- THE TASK -
Take the data below and copy exactly the lines starting at the one with "OTC Tylenol Regular Strength 325 mg 24 Tabs" and finishing at the one with "Sentinel Scout RT", both included.
--- DATA SUPPLIED Enclosed Below ---
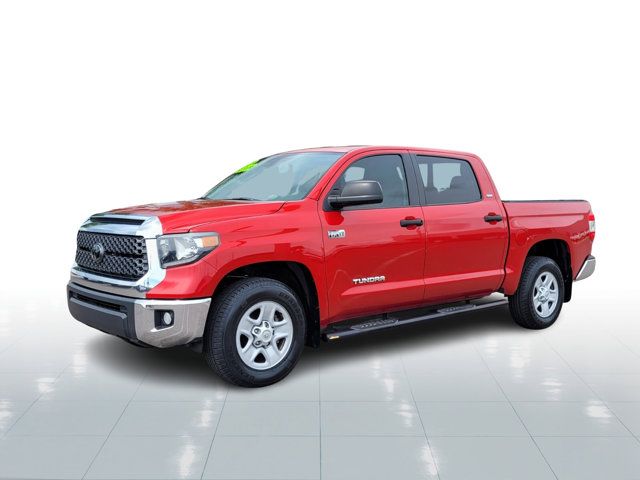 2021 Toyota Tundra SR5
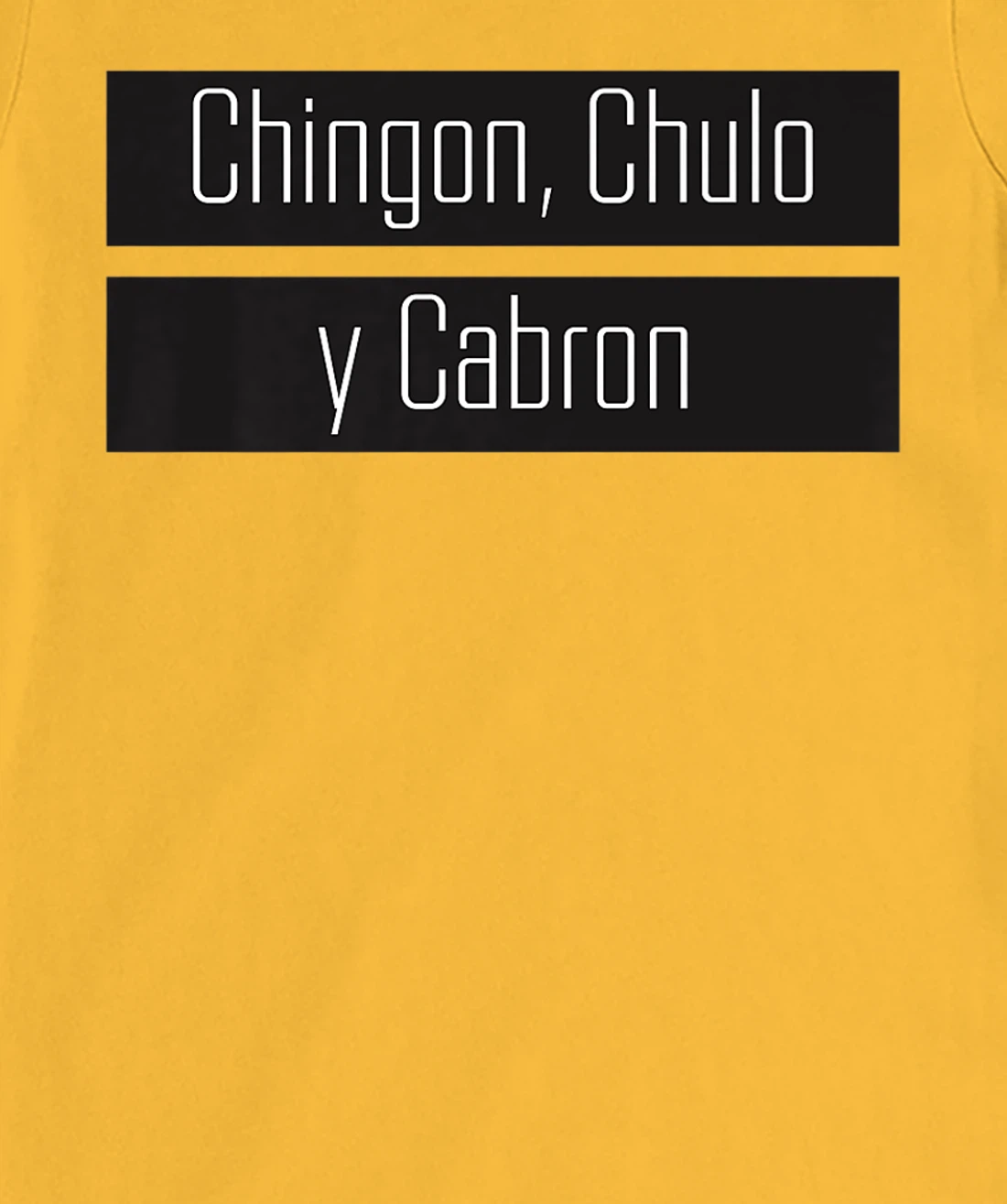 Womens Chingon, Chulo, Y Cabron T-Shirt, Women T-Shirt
--- End of Enclosed DATA SUPPLIED ---
--- DATA SUPPLIED Enclosed Below ---
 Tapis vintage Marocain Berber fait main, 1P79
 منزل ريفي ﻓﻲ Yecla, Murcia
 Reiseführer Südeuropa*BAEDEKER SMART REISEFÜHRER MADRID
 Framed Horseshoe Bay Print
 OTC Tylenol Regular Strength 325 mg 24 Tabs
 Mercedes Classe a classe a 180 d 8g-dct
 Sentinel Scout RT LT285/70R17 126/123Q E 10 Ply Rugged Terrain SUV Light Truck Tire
--- End of Enclosed DATA SUPPLIED ---
--- DATA SUPPLIED Enclosed Below ---
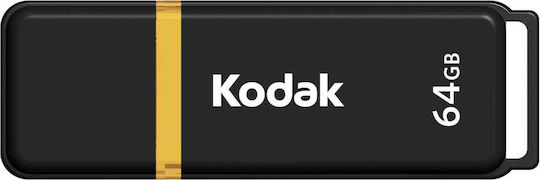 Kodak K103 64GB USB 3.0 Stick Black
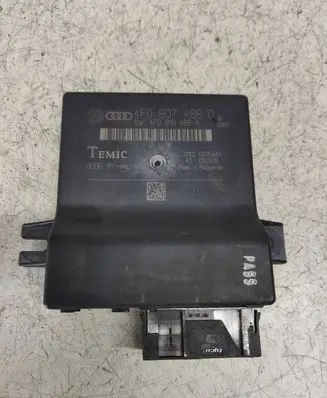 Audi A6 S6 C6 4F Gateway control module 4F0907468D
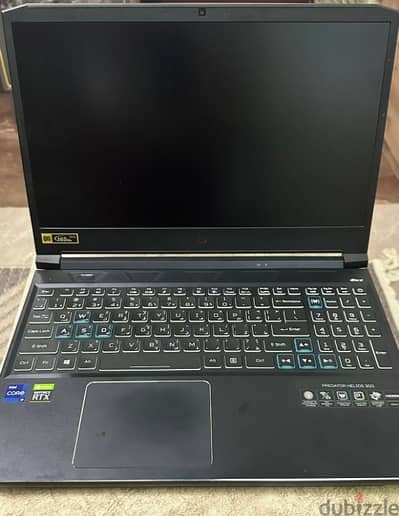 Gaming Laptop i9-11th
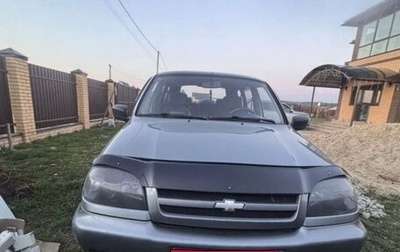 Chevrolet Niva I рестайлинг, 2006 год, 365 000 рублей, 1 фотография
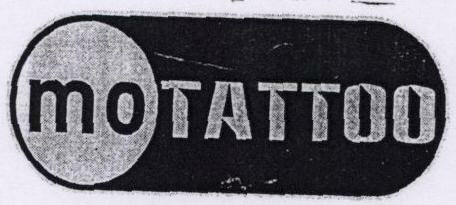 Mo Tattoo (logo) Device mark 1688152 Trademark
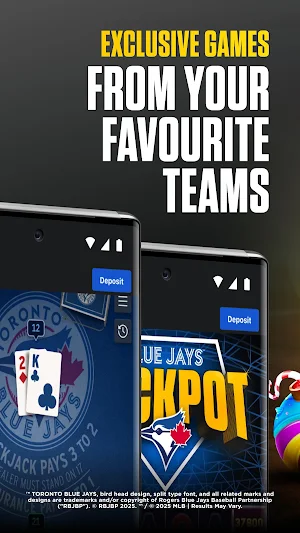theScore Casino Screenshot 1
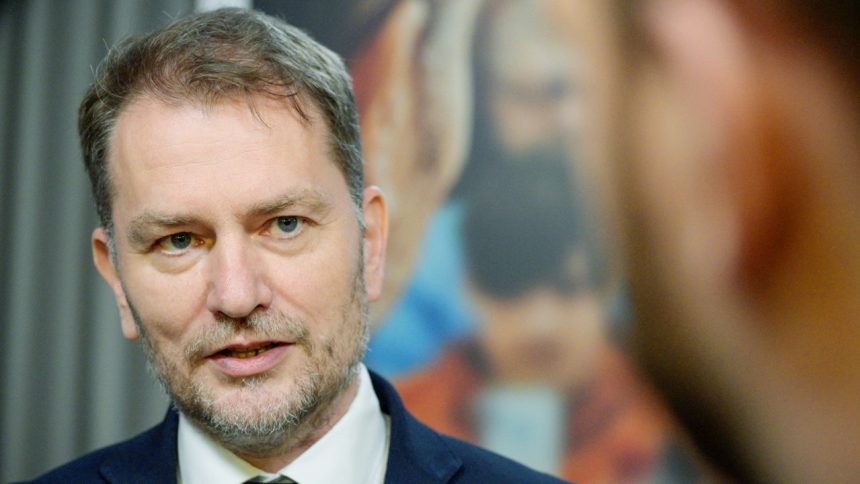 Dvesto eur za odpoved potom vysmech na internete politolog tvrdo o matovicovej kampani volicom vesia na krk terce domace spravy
--- End of Enclosed DATA SUPPLIED ---
- RESPONSE TO THE EXERCISE -
 OTC Tylenol Regular Strength 325 mg 24 Tabs
 Mercedes Classe a classe a 180 d 8g-dct
 Sentinel Scout RT LT285/70R17 126/123Q E 10 Ply Rugged Terrain SUV Light Truck Tire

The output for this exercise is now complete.